| Material supplied |
'''

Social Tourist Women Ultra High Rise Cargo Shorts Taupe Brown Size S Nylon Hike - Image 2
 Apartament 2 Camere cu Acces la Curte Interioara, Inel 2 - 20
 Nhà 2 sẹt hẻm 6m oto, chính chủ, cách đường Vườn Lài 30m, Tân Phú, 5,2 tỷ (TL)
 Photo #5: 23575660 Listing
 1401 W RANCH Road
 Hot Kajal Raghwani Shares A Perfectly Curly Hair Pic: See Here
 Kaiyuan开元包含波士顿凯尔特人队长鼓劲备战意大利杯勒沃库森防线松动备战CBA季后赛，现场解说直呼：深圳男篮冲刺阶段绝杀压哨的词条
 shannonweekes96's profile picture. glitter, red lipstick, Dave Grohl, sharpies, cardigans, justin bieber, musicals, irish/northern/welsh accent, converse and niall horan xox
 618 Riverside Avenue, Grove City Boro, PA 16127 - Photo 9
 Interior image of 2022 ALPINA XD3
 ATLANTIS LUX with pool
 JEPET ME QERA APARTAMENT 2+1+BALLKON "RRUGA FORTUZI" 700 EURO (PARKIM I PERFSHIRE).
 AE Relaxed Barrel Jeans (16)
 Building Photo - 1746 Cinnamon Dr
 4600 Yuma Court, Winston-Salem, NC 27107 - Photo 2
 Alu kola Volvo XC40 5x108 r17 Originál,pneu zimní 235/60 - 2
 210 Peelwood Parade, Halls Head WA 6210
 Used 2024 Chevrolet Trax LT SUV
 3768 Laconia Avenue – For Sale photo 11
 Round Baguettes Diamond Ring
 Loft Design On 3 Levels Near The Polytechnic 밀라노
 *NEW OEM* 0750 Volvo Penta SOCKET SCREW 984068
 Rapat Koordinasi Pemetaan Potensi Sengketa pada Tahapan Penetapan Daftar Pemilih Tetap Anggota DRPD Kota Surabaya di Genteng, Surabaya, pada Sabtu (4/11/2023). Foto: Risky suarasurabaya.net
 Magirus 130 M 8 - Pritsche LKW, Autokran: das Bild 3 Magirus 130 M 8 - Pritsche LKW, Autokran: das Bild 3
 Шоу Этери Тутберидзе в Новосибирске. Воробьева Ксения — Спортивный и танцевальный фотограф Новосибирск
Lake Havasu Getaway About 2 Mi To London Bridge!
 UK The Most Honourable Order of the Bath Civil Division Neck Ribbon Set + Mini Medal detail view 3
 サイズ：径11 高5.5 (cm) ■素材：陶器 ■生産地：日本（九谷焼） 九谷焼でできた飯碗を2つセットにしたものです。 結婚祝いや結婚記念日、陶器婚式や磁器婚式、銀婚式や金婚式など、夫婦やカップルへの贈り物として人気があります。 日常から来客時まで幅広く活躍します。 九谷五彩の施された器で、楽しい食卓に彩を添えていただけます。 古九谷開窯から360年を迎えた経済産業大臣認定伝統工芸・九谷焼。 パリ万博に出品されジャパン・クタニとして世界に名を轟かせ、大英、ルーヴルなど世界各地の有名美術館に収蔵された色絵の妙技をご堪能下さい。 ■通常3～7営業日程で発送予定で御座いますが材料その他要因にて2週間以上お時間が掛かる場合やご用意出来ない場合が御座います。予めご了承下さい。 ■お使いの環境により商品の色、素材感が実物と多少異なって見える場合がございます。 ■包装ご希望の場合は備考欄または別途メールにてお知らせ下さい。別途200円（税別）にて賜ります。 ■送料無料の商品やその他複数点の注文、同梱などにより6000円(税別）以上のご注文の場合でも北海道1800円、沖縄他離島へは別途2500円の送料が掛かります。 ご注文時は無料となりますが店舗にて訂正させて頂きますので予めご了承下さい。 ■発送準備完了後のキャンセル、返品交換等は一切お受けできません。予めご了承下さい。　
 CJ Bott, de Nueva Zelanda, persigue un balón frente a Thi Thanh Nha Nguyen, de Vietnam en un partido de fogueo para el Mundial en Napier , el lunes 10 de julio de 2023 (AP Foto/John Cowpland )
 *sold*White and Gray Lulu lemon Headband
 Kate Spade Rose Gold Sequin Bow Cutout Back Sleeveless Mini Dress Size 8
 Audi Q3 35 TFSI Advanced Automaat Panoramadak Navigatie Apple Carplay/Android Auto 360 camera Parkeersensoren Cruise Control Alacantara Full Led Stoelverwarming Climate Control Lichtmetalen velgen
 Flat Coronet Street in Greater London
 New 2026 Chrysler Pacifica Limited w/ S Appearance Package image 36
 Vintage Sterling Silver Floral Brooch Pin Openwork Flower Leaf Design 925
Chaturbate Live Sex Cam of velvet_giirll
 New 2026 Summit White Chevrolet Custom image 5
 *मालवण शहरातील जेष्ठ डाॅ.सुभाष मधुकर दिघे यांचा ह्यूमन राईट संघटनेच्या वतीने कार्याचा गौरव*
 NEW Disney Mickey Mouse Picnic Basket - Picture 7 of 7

'''

| Directions |
What are the lines above, starting at the one with "Nhà 2 sẹt hẻm" and ending at the one with "UK The Most"? Give them again exactly, and only them.

| Answer to this exercise |
 Nhà 2 sẹt hẻm 6m oto, chính chủ, cách đường Vườn Lài 30m, Tân Phú, 5,2 tỷ (TL)
 Photo #5: 23575660 Listing
 1401 W RANCH Road
 Hot Kajal Raghwani Shares A Perfectly Curly Hair Pic: See Here
 Kaiyuan开元包含波士顿凯尔特人队长鼓劲备战意大利杯勒沃库森防线松动备战CBA季后赛，现场解说直呼：深圳男篮冲刺阶段绝杀压哨的词条
 shannonweekes96's profile picture. glitter, red lipstick, Dave Grohl, sharpies, cardigans, justin bieber, musicals, irish/northern/welsh accent, converse and niall horan xox
 618 Riverside Avenue, Grove City Boro, PA 16127 - Photo 9
 Interior image of 2022 ALPINA XD3
 ATLANTIS LUX with pool
 JEPET ME QERA APARTAMENT 2+1+BALLKON "RRUGA FORTUZI" 700 EURO (PARKIM I PERFSHIRE).
 AE Relaxed Barrel Jeans (16)
 Building Photo - 1746 Cinnamon Dr
 4600 Yuma Court, Winston-Salem, NC 27107 - Photo 2
 Alu kola Volvo XC40 5x108 r17 Originál,pneu zimní 235/60 - 2
 210 Peelwood Parade, Halls Head WA 6210
 Used 2024 Chevrolet Trax LT SUV
 3768 Laconia Avenue – For Sale photo 11
 Round Baguettes Diamond Ring
 Loft Design On 3 Levels Near The Polytechnic 밀라노
 *NEW OEM* 0750 Volvo Penta SOCKET SCREW 984068
 Rapat Koordinasi Pemetaan Potensi Sengketa pada Tahapan Penetapan Daftar Pemilih Tetap Anggota DRPD Kota Surabaya di Genteng, Surabaya, pada Sabtu (4/11/2023). Foto: Risky suarasurabaya.net
 Magirus 130 M 8 - Pritsche LKW, Autokran: das Bild 3 Magirus 130 M 8 - Pritsche LKW, Autokran: das Bild 3
 Шоу Этери Тутберидзе в Новосибирске. Воробьева Ксения — Спортивный и танцевальный фотограф Новосибирск
Lake Havasu Getaway About 2 Mi To London Bridge!
 UK The Most Honourable Order of the Bath Civil Division Neck Ribbon Set + Mini Medal detail view 3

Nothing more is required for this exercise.